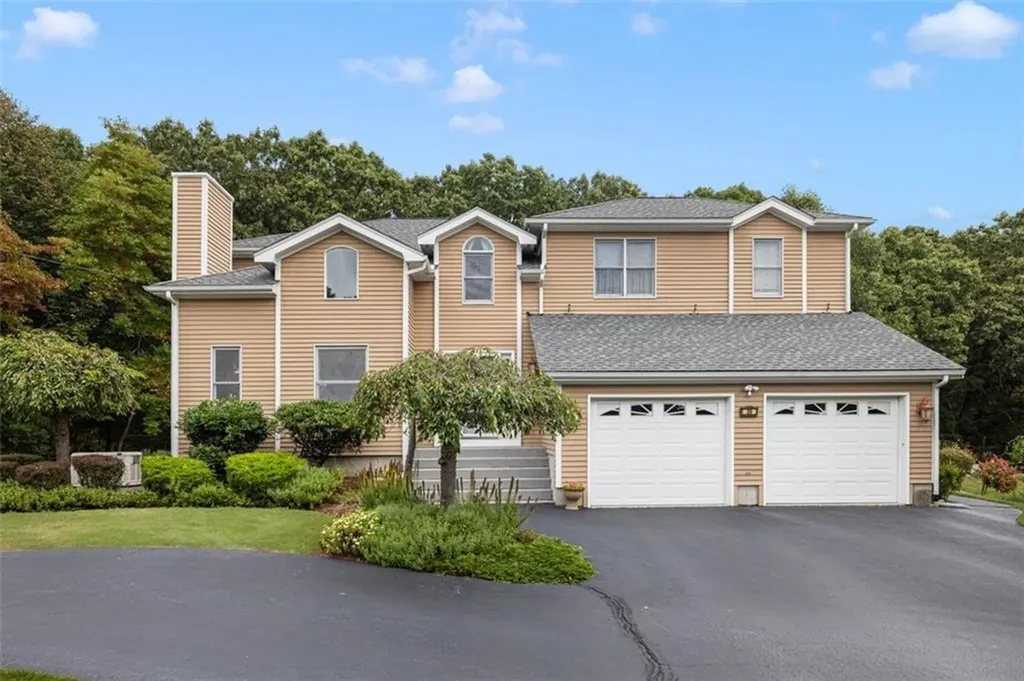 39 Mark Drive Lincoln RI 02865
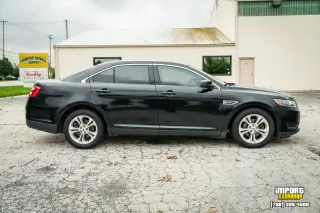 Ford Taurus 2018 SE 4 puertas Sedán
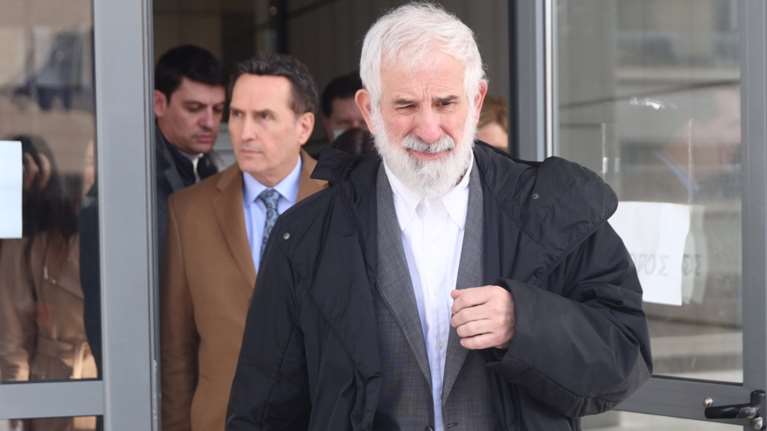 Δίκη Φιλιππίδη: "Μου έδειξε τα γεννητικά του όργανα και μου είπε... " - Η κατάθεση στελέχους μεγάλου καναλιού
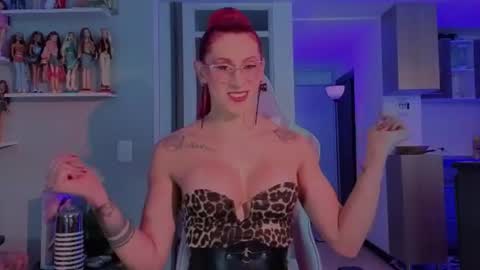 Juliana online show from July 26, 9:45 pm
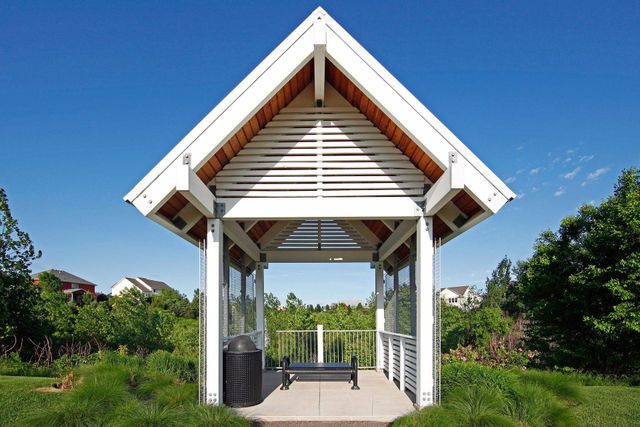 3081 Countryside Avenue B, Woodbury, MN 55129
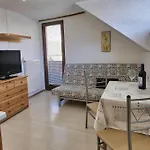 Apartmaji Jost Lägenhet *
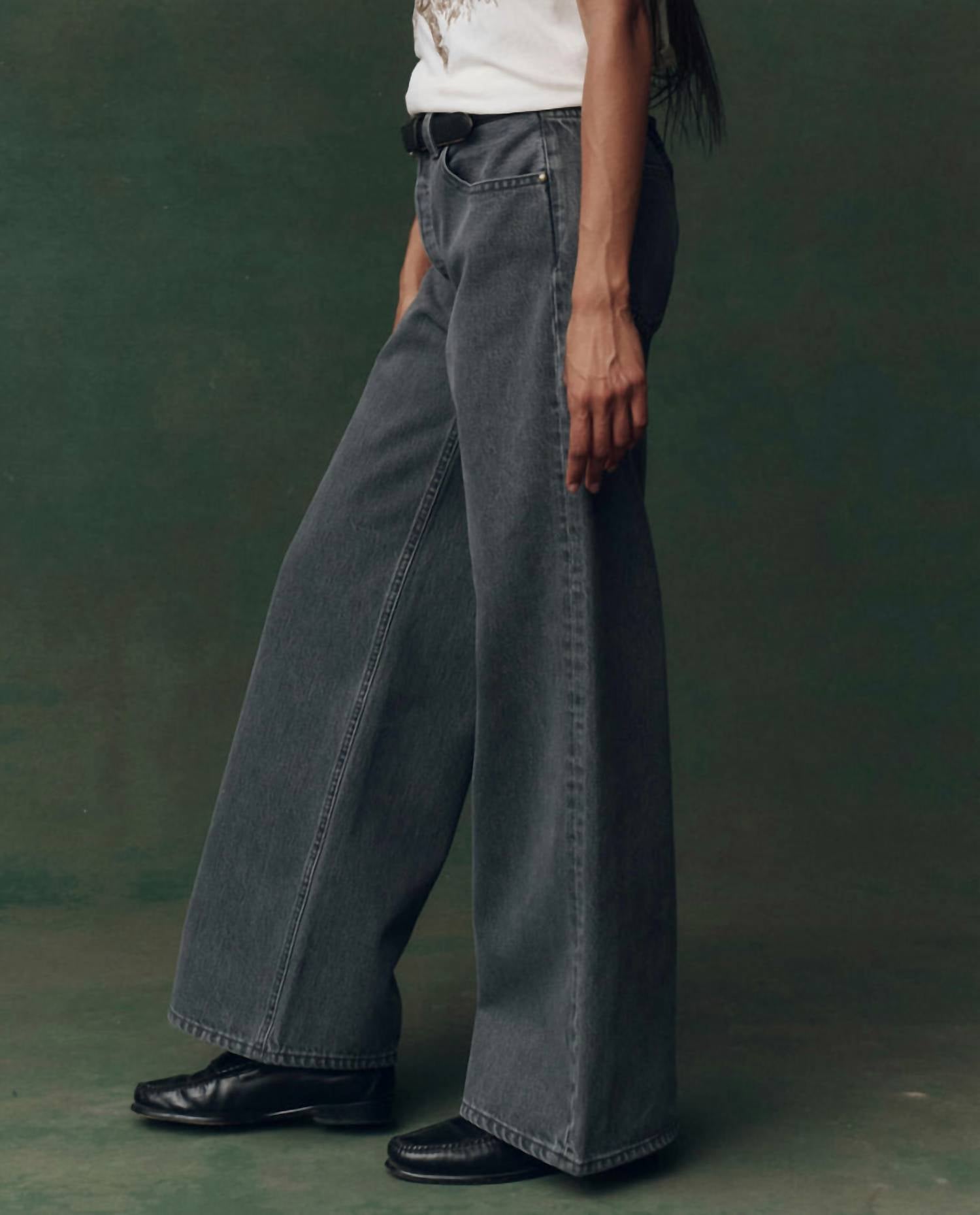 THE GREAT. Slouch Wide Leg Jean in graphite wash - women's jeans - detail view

══════════════════════════════

→ **BRIEF**:
Except for the pictures, give all the material above again verbatim.

→ **SOLUTION TO THE PROBLEM**:
 39 Mark Drive Lincoln RI 02865
 Ford Taurus 2018 SE 4 puertas Sedán
 Δίκη Φιλιππίδη: "Μου έδειξε τα γεννητικά του όργανα και μου είπε... " - Η κατάθεση στελέχους μεγάλου καναλιού
 Juliana online show from July 26, 9:45 pm
 3081 Countryside Avenue B, Woodbury, MN 55129
 Apartmaji Jost Lägenhet *
 THE GREAT. Slouch Wide Leg Jean in graphite wash - women's jeans - detail view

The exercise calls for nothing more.